> What you have to do:
Your response should consist of the full data, set down exactly.

Segment Start: Given data

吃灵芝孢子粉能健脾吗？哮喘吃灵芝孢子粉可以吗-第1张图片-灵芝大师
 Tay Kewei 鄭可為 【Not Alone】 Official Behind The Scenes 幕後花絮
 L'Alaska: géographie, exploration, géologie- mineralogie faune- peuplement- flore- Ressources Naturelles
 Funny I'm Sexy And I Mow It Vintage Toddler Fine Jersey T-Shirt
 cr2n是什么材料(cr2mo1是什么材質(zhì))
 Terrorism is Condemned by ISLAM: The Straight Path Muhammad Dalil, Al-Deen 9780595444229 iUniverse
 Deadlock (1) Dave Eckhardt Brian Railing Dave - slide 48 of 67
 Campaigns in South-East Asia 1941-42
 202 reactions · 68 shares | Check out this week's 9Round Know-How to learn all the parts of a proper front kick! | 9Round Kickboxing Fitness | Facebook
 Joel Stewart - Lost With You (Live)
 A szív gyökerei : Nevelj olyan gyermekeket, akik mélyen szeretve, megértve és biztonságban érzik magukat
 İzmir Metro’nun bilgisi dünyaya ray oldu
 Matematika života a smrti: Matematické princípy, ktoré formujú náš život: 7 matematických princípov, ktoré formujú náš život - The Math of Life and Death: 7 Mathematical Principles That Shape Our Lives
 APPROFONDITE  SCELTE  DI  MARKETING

Segment End: Given data

> Task output:
吃灵芝孢子粉能健脾吗？哮喘吃灵芝孢子粉可以吗-第1张图片-灵芝大师
 Tay Kewei 鄭可為 【Not Alone】 Official Behind The Scenes 幕後花絮
 L'Alaska: géographie, exploration, géologie- mineralogie faune- peuplement- flore- Ressources Naturelles
 Funny I'm Sexy And I Mow It Vintage Toddler Fine Jersey T-Shirt
 cr2n是什么材料(cr2mo1是什么材質(zhì))
 Terrorism is Condemned by ISLAM: The Straight Path Muhammad Dalil, Al-Deen 9780595444229 iUniverse
 Deadlock (1) Dave Eckhardt Brian Railing Dave - slide 48 of 67
 Campaigns in South-East Asia 1941-42
 202 reactions · 68 shares | Check out this week's 9Round Know-How to learn all the parts of a proper front kick! | 9Round Kickboxing Fitness | Facebook
 Joel Stewart - Lost With You (Live)
 A szív gyökerei : Nevelj olyan gyermekeket, akik mélyen szeretve, megértve és biztonságban érzik magukat
 İzmir Metro’nun bilgisi dünyaya ray oldu
 Matematika života a smrti: Matematické princípy, ktoré formujú náš život: 7 matematických princípov, ktoré formujú náš život - The Math of Life and Death: 7 Mathematical Principles That Shape Our Lives
 APPROFONDITE  SCELTE  DI  MARKETING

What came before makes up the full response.